Using Speech Synthesis with Speech Recognition

For the second demo which took a bit more work, several appropriate computer voice response *.wav files were obtained on the web. Using Audacity, the *.wav files were converted to the correct sample rate for use in the Quick Synthesis tool. In Quick Synthesis, the audio files were compressed to a low data rate. The default compression technique was used and there are also quite a few others to select from with different size and quality trade offs. Then using the EasyVR GUI tool download option, the new sound table with the compressed audio files was programmed into the EasyVR flash memory.

For a more advanced demo, code was written to use speech synthesis output for vocal user prompts, SI (speaker independent) recognition for the LEDs, and a new SD (speaker dependent) word, mbed, for use as a password. In the EasyVR GUI, the train option was used to add the new SD word, mbed.

Mbed EasyVR Speech Synthesis and Recognition Demo

This second demo shows the EasyVR doing both speech synthesis and speech recognition. Speech synthesis plays compressed *.wav files from its flash memory on an 8 ohm speaker. Speech recognition includes a new speaker dependent word, mbed, that is based on a training sample from the user, and the built-in speaker independent numbers (0...10) that will work with any speaker without training. In the video, after logging on with the password of “mbed”, it prompts for a command code number. The numbers 1…4 will toggle the four built-in LEDs on mbed. Note that when an invalid number is spoken (i.e., not 0...10) it prompts the user to “restate the command”. Each successful recognition is “acknowledged”.

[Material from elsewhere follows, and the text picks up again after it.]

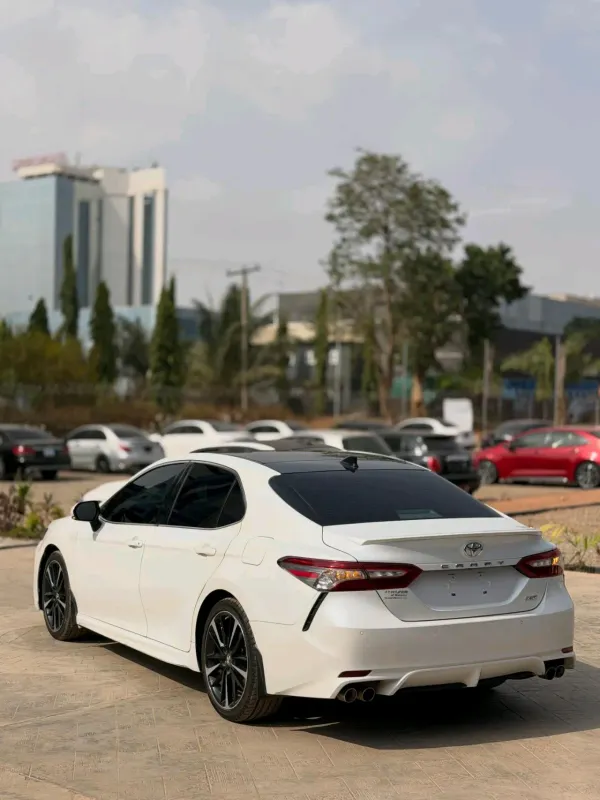 Thumbnail 8 of 2019 Toyota Camry XSE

Import program EasyVR_SRSSDemo

EasyVR Speech Recogniton and Speech Synthesis Demo

To run the demo, you will also need to download the new sound table project to flash, and add and then train the password (mbed) in Group 1 using the EasyVR GUI. A zip file of the sound table project is available here

Ideas for Further work

Keep in mind that noise, distance from the microphone, and variations in the way words are spoken will all impact the accuracy of any speech recognition system. There is even a variation in the way an individual speaker says the same word from day to day.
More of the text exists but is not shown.